To top off this very neat study, Jenna was the winner of the Division of Animal Behavior best student presentation award, the Marlene Zuk Award. Congratulations Jenna!

SICB 2019: Ectoparasites and the Expression of Sexual Signals in a Tropical Lizard

Parasites are an ever-present threat to the organisms they interact with. Reptiles, like anoles, are often heavily infested with mites, an ectoparasite that drinks the lizard’s blood and are often visible on the surface of the skin. Despite the ubiquity of mite infestations on reptiles, the fitness costs of these infestations and the factors that cause mite load to vary among individuals within populations are surprisingly understudied.

Adam Rosso, a masters student in Christian Cox’s lab at Georgia Southern University, studied the factors that drive variation in mite infestation among individuals in a population of slender anoles (Anolis apletophallus) in Panama. Slender anoles are sexually dimorphic; males have much larger dewlaps than females. Adam counted mite loads on hundreds of lizards and asked a series of questions, including: How does mite load differ between the sexes? Do the sexes differ in where they are being parasitized on their bodies? Can ecological factors such as habitat use and body temperature affect mite load?

First, Adam found that males have more mites than females, but this was due entirely to their larger dewlaps. In fact, females actually had more mites on other parts of their bodies (such as on their hind and forelimbs). But it gets even more interesting: Adam found that mite infestation increases with dewlap area in males but not in females, suggesting that mites prefer male dewlaps over female dewlaps. Neither field-active body temperature nor perch characteristics predicted mite loads in either sex, suggesting that dewlaps are the main factor influencing ectoparasitism in this population. Adam’s results suggest that there may be an important cost to producing a large dewlap in males. More generally, if parasite loads and dewlap sizes are seen as honest signals in anoles, the results of Adam’s work could have implications for understanding sexual selection and morphological evolution in this group of lizards.
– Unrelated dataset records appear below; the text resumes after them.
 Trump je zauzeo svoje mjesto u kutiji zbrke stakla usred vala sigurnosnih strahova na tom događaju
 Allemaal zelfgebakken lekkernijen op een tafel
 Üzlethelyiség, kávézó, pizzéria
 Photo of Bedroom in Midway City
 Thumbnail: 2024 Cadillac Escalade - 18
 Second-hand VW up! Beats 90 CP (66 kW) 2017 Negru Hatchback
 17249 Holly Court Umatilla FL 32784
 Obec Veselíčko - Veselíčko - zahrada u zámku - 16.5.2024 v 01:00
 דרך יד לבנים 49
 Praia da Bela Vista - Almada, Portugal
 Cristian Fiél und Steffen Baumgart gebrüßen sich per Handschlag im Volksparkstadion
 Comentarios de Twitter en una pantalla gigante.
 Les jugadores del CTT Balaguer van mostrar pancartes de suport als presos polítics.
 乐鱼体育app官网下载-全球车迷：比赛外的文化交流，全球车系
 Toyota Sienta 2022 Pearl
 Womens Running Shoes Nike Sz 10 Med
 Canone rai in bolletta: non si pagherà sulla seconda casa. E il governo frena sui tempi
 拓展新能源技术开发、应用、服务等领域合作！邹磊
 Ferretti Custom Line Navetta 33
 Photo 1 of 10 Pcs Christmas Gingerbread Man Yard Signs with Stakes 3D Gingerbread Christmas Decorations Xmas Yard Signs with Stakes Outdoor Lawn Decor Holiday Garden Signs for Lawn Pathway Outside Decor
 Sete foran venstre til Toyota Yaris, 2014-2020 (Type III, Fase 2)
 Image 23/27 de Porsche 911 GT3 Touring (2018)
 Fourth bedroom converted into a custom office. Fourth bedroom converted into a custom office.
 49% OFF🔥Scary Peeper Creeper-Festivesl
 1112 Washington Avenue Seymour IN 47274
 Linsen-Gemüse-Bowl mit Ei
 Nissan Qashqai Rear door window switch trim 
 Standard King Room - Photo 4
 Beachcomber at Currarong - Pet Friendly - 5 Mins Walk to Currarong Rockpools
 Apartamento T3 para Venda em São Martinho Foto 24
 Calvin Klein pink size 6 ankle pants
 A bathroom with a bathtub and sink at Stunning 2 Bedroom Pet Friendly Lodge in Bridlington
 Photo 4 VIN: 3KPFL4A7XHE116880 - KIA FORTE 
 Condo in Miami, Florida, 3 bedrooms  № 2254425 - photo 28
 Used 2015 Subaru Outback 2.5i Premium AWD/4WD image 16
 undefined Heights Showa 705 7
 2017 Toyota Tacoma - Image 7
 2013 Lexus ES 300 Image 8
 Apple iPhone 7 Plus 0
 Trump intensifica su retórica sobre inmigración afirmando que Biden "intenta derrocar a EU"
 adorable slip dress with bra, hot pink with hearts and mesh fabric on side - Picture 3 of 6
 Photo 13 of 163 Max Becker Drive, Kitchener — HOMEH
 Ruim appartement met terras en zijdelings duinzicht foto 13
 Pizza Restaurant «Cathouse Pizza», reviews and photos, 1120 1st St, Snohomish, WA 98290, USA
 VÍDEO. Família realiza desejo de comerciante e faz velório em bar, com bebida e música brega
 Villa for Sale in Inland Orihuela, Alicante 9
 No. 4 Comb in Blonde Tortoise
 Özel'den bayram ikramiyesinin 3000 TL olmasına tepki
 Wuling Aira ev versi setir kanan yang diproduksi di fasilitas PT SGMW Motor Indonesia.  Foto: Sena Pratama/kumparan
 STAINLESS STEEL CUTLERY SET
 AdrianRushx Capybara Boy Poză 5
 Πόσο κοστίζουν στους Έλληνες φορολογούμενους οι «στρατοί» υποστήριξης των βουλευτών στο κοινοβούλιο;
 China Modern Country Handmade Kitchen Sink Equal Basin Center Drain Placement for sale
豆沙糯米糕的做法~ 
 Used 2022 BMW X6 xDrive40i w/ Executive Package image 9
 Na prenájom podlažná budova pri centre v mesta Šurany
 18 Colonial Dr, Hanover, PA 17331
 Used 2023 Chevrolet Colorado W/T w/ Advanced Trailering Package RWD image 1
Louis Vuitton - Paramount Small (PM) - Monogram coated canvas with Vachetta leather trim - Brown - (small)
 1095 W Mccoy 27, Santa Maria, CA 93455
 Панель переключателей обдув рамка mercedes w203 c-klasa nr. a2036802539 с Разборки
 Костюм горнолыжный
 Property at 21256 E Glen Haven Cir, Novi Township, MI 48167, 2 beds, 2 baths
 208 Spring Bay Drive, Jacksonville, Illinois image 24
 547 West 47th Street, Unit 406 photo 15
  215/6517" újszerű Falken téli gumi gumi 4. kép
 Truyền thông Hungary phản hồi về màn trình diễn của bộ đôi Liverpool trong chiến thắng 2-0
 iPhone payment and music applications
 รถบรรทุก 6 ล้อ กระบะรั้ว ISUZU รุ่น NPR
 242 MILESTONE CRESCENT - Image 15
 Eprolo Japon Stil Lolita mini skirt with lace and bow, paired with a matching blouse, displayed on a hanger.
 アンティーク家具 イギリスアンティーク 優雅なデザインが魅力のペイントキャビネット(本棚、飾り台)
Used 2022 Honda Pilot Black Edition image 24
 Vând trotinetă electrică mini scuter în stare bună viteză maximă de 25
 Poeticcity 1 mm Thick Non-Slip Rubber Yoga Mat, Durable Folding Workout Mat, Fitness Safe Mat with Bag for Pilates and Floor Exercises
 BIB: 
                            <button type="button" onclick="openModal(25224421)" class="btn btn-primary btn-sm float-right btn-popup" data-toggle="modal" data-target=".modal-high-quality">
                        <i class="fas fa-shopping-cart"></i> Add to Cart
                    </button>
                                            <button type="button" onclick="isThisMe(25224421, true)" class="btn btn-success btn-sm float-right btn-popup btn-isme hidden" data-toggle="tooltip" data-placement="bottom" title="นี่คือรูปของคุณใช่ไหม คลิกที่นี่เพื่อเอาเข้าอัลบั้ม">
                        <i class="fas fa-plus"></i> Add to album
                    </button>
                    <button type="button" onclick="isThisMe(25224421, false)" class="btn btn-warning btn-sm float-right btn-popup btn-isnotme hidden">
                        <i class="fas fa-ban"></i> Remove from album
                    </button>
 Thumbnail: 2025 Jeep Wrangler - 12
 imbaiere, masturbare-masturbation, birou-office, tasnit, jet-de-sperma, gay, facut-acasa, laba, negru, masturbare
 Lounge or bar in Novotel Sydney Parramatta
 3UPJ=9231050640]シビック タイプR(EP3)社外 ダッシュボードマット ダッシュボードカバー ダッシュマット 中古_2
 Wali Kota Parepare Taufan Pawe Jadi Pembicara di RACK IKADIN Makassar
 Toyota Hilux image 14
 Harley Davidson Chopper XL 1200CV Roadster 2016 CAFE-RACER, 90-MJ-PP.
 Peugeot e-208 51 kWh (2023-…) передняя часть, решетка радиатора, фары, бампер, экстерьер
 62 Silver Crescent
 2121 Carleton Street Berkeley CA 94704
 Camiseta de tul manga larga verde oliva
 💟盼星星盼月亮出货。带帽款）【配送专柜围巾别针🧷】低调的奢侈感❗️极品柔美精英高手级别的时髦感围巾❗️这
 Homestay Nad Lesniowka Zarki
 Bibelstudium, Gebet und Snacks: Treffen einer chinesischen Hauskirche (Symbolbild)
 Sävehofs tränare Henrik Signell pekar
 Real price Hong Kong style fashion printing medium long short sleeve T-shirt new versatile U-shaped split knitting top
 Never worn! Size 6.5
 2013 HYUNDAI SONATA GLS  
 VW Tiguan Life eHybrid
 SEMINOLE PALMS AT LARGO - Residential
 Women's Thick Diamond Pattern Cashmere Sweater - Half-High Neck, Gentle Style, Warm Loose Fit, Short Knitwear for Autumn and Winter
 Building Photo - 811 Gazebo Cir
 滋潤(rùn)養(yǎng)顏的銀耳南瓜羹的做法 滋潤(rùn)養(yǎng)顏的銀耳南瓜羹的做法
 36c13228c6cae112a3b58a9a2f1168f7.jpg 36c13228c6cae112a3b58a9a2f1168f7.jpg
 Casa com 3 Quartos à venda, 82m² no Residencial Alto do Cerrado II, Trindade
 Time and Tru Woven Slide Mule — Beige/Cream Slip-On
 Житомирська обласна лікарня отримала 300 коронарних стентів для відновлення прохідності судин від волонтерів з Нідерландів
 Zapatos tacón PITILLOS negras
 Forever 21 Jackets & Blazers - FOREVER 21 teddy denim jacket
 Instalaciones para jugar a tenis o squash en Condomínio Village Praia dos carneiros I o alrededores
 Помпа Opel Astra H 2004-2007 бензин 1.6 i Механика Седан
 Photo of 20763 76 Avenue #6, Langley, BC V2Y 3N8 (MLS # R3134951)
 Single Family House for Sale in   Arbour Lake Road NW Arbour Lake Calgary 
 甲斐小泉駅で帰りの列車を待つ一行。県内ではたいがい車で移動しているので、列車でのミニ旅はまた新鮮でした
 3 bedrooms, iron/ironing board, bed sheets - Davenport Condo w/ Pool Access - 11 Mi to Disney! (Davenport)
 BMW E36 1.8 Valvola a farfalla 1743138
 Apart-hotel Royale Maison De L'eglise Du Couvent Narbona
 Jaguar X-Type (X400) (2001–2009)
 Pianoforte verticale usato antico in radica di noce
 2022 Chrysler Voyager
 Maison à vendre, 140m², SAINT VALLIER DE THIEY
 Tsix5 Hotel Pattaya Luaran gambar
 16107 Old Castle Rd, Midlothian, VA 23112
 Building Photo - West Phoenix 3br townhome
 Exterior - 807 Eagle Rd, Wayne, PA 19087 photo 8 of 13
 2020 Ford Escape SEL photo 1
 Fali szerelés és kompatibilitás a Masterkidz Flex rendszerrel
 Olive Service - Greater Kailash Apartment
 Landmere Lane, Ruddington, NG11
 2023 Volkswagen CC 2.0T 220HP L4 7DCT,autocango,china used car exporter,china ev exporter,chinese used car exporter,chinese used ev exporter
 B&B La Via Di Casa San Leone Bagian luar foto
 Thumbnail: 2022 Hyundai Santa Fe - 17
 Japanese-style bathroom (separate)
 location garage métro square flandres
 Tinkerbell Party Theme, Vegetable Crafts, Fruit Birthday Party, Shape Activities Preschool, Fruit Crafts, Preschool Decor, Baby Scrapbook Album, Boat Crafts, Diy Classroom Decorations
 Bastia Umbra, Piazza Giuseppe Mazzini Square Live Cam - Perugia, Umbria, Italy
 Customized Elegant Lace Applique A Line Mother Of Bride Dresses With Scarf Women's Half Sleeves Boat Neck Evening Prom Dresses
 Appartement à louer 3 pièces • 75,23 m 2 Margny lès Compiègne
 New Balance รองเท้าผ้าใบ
SICB 2019: Jaw and Leg Muscle Performance in Anolis Lizards

Have you ever wondered which muscle is the strongest? Depending on a muscle’s function, it can have different levels of performance. Muscle performance can be quantified by measuring several different characteristics, such as time between muscle twitches, contraction velocities, and muscle curvature. Previous work in quantifying these values in jaw and leg muscles in three species of anoles led to questions about what gene functions these different functioning muscles regulate. Andrea Liebl with the University of South Dakota, along with colleagues at the University of Iowa and Brown University, addressed this question. She did this by working to identify candidate genes that may be involved in creating the functional differences seen between jaw muscles involved in biting and leg muscles involved in locomotion.

After using a PCoA Analysis that showed distinct clustering of different gene expression between the two muscles, they were able to find differences in specific genes and their expression in the two muscle types as well. Genes that differed in expression were classified and placed in groups based on function that may play a role in muscle performance. Genes that regulate energy for the cell such as those involved in ATP synthesis and mitochondria were found to differ in expression in the jaw and leg muscles, as well as genes involved in muscle structure, contraction, and activity. These findings allow for further work that is currently being done to address differences in gene expression among four species of anoles. This study along with further work gives great insight into what differences in muscle physiology leads to specific muscle performance as well as whole organism performance.

SICB 2019: Environmental Heterogeneity, Thermoregulatory Strategy, and the Effects of Climate Change on Ectotherms across Latitude

Predicting the responses of species to current environmental and climate change is one of the largest duties of current biologists. Ectothermic species (including lizards) are particularly vulnerable because they lack the ability to metabolically generate heat and rely on environmental sources of temperature to maintain their body temperatures. For species that live in the tropics, this task is much harder because tropical environments experience less temperature variation both within and across seasons. Tropical lizards traverse these landscapes to try and maintain optimal and preferred body temperatures, but are all thermal environments equal in the constraints they impose on lizards?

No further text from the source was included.